■ **YOUR OBJECTIVE**:
Without the images, reproduce each line of the material exactly.

*** RAW DATA ***

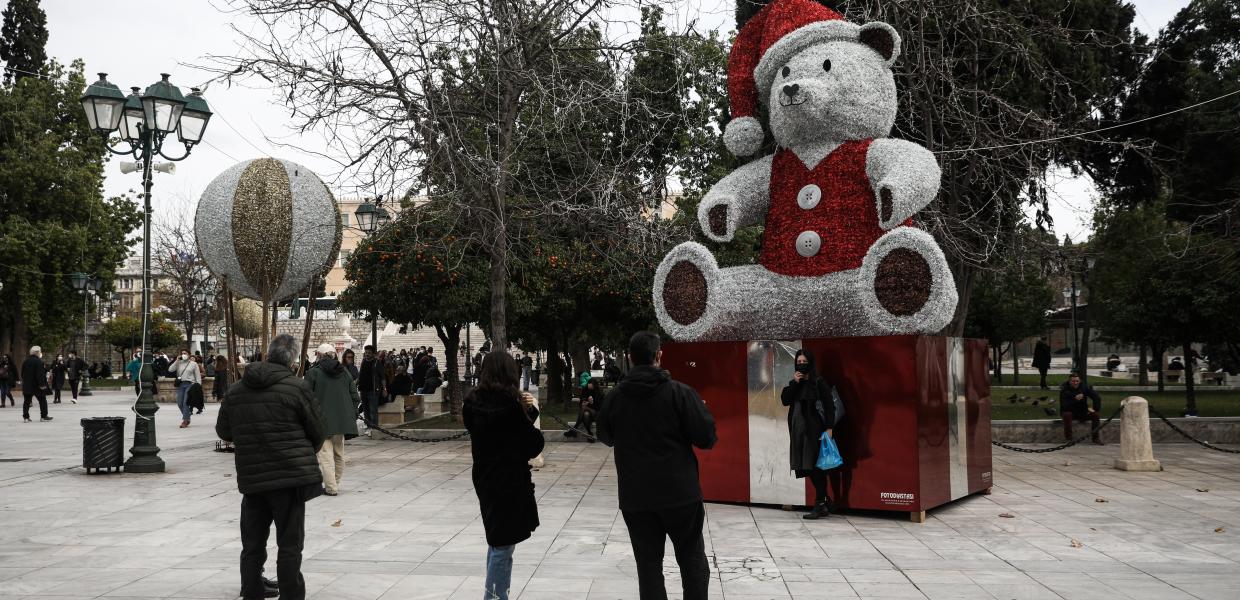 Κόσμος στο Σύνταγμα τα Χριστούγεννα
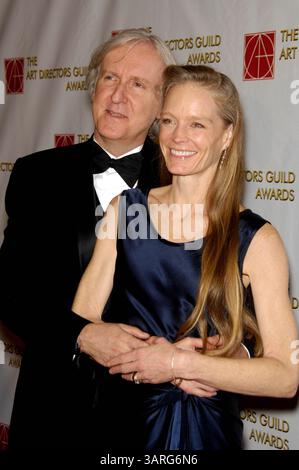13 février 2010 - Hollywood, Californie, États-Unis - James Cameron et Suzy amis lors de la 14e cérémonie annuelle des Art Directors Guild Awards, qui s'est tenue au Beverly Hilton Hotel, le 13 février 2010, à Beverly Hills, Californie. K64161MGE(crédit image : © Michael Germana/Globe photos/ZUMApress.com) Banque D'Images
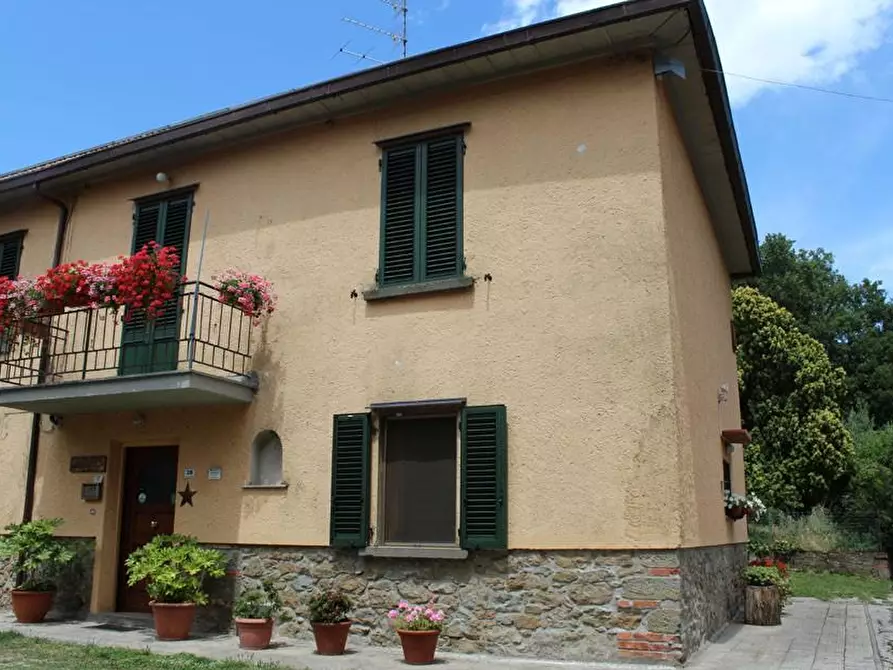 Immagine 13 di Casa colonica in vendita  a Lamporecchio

*** End of RAW DATA ***

■ **WORKED SOLUTION**:
 Κόσμος στο Σύνταγμα τα Χριστούγεννα
13 février 2010 - Hollywood, Californie, États-Unis - James Cameron et Suzy amis lors de la 14e cérémonie annuelle des Art Directors Guild Awards, qui s'est tenue au Beverly Hilton Hotel, le 13 février 2010, à Beverly Hills, Californie. K64161MGE(crédit image : © Michael Germana/Globe photos/ZUMApress.com) Banque D'Images
 Immagine 13 di Casa colonica in vendita  a Lamporecchio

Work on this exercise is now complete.